● **BRIEF**
Copy out, from the entries below, each line that holds the string "диабете".

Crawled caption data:
------------------------------

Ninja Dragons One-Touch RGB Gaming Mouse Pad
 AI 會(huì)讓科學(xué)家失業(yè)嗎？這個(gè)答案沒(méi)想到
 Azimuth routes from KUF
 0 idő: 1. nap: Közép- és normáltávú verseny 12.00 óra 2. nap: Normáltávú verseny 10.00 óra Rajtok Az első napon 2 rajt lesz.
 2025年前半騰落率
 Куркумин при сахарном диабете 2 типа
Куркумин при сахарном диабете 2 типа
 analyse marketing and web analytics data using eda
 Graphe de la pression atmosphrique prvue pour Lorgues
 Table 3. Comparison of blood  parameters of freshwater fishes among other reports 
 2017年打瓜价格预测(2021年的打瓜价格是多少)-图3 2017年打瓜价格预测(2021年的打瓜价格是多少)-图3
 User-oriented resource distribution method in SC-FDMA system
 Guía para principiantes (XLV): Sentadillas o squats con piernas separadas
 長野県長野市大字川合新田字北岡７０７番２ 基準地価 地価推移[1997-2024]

------------------------------

● **THE ANSWER**
 Куркумин при сахарном диабете 2 типа
Куркумин при сахарном диабете 2 типа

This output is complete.